Stephenson's patent for this design of engine was dated September 1816;
Stephenson's biographer, Samuel Smiles gives the date of the Duke of Portland's
engine as 1817; a French investigator Charles Dupin visited the railway in
mid-1817 but apparently saw no locomotive there; Galloway in his 'Annals
of Coal Mining' (1898) says the engine was "procured from Mr Stephenson"
in 1819.
The surviving records of the Kilmarnock & Troon Railway contain one mention
only. This is a complaint from a farmer, James Jack of Parkthorn (three miles
from Troon) about fire damage caused by "the Cinders from a Steam Engine
Waggon going along the Railway". The date of the entry in the minute-book
is 16th October 1821.
A recurring legend says that the engine was fitted with wooden wheels and
lasted on the K&T until 1848; another unsubstantiated story claimed it
was sent to the Gloucester & Cheltenham Tramroad, where it worked until
1839. And as usual, the notoriously inaccurate Clement Stretton muddied the
waters by illustrating the engine as a four-wheeler.
At least the engine's departure from the K&T is now definitely known.
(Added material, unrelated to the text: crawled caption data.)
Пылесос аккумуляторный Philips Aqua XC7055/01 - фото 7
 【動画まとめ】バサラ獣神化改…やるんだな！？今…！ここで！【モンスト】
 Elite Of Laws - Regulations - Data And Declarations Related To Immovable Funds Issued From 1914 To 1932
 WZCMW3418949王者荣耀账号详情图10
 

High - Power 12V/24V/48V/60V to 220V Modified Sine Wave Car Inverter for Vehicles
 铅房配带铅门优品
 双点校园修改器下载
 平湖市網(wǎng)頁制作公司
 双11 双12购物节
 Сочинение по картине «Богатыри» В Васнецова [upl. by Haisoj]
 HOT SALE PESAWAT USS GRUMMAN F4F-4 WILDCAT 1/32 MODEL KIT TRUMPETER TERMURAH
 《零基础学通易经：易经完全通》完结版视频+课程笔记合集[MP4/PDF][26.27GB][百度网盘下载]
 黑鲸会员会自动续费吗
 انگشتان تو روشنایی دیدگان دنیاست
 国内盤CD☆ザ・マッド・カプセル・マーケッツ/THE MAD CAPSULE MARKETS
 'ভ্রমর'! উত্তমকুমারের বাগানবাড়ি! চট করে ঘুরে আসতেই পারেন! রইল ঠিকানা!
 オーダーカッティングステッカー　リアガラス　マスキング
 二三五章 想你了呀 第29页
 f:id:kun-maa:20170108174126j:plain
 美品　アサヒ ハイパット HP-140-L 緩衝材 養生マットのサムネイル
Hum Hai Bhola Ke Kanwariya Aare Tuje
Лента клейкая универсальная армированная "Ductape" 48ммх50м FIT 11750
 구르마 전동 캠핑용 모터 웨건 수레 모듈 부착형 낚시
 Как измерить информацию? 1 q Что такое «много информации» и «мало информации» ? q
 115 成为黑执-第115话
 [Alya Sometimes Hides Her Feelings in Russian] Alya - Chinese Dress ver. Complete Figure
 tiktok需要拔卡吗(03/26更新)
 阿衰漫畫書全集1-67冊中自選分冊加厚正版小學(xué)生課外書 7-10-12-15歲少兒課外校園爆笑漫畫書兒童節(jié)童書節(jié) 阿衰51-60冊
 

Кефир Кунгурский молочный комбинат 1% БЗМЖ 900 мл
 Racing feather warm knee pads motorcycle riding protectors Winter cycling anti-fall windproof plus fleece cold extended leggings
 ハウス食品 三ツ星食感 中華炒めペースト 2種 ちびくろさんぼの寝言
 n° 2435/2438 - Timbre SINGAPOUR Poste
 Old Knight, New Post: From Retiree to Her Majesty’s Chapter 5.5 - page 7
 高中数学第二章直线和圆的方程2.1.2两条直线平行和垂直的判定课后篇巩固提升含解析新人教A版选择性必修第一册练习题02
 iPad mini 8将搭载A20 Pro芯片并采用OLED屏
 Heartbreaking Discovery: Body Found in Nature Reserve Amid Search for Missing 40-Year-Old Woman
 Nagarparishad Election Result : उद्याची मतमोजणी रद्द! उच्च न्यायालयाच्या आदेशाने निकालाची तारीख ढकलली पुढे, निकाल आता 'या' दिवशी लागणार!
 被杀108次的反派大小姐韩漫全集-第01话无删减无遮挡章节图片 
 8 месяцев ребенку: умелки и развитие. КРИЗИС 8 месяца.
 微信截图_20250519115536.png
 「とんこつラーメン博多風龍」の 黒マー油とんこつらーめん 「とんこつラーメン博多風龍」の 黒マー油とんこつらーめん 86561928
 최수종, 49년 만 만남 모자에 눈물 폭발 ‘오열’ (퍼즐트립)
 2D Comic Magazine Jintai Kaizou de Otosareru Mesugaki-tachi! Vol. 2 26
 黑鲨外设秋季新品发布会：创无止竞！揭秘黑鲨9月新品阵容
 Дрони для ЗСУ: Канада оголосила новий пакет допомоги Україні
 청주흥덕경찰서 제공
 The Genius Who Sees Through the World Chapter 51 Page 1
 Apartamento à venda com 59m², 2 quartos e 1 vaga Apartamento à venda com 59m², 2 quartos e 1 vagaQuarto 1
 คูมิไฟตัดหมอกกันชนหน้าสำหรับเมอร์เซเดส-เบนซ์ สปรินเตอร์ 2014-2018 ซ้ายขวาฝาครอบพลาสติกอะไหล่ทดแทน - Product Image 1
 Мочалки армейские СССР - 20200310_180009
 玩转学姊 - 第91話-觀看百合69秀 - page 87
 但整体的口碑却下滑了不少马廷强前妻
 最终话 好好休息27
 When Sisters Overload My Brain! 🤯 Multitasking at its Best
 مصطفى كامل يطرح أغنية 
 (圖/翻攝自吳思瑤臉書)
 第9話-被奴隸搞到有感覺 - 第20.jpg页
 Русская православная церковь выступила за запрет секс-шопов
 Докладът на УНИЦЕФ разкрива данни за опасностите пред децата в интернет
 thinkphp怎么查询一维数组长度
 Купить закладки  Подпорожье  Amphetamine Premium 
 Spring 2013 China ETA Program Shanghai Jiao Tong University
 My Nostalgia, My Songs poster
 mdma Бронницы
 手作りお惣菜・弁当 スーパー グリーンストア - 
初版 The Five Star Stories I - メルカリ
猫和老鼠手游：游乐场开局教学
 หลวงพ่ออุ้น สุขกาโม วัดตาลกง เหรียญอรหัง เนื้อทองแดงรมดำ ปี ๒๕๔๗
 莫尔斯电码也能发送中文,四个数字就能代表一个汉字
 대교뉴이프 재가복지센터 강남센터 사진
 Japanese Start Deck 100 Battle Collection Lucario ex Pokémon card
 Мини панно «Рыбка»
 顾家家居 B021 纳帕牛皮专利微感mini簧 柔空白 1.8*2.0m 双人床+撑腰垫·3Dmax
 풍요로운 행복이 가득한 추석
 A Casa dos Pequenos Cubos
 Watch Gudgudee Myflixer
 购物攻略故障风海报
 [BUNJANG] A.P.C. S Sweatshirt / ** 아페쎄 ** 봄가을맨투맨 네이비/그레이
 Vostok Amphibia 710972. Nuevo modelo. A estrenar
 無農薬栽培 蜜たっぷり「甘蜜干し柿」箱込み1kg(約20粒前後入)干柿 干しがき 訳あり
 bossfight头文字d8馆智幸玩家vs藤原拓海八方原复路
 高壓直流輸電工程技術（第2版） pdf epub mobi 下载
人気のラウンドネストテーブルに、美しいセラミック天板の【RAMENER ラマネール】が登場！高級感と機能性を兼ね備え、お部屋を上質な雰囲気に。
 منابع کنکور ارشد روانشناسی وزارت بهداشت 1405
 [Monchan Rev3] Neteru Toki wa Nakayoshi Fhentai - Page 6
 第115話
Recent research by Alan Brotchie in the archives of the Earl of Elgin revealed
notes of correspondence in August and September 1824 with Alexander Guthrie,
the Duke of Portland's coal overseer at Kilmarnock. This was about a "travelling
engine" sent from Kilmarnock to the Earl of Elgin's railway at Charlestown
in Fife, and purchased for £70. A letter to Guthrie dated 2nd October
1824 suggests that the engine arrived at Charlestown in September, but "I
am sorry to say that from the small strength of our Rails we find it will
not answer our waggonway." From 1825 it was used as a stationary pumping
engine in a limestone quarry at Charlestown, and in 1830 it was moved to
one of the Earl's coal pits, somewhere near Dunfermline. Working a pump at
this rather vague location is the last authentic record of the first locomotive
in Scotland.
Perhaps some contemporary note of its first appearance at Kilmarnock may
yet turn up - I hope so, but this now seems
unlikely.
Ref. A. W. Brotchie & H. Jack: Early
Railways of West Fife. Stenlake Publishing Ltd, 2007.